Братья Карамазовы. Продолжерсия

22
18
20
22
24
26
28
30

IV

В трактире

А Алеша уже спешил к трактиру, где еще в монастыре договорился с Иваном о встрече за поздним ужином (часов в 10-ть вечера). Но придя туда, обнаружил, что брата еще нет и, заняв отдельную комнатку с окнами на улицу (в трактире теперь были и отдельные комнатки) и заказав ужин на две персоны, стал ждать. Это был тот самый трактир, в котором тринадцать лет назад они сидели с Иваном, и где последний поведал ему свою «Легенду о великом инквизиторе». Правда, сам трактир сменил к этому времени и свое название и своего хозяина. Раньше – читатели должны были это помнить – он назывался «Столичный город», теперь же массивная латунная вывеска славянской вязью гласила: «Три тысячи». Это еще одно эхо, или, если хотите, последствие событий тринадцатилетней давности. Купец Колонкин, перекупивший это заведение, был в числе присяжных заседателей на первом суде над Митей. Он так впечатлился всем там услышанным, особенно мистикой трехтысячной суммы, которая так часто фигурировала на процессе и в показаниях Мити, и в связанном и Иваном деле Смердякова, что по приобретении трактира не преминул переименовать наше главное питейное заведение. Перестройка была не только внешней.

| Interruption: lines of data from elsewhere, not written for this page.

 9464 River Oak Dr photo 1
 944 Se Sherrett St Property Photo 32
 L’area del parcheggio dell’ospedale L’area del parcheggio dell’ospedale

Внутри тоже все стало походить на «европейский манер». Появились отдельные комнатки, меню, лежащие на каждом столе, а половые сменились официантами не в засаленных передниках, а в каких-то, отдаленно напоминающих форму военных, серых сюртучках с малиновыми петличками. Впрочем, грязных историй, связанных с трактиром и пьяных дебошей не стало от этого меньше. И это не удивительно. «Что вы хотите – это Россия-с, господа!» – как говаривал наш городской глава, и в его произношении слово «Россия» начинало рычать и звучало как «Ры-сс-ия».

Долговязый рыжий официант только осведомился у Алеши, следует ли нести заказ, как Алеша заметил переходящего улицу и направляющегося к трактиру Ивана – и помахал ему из окна.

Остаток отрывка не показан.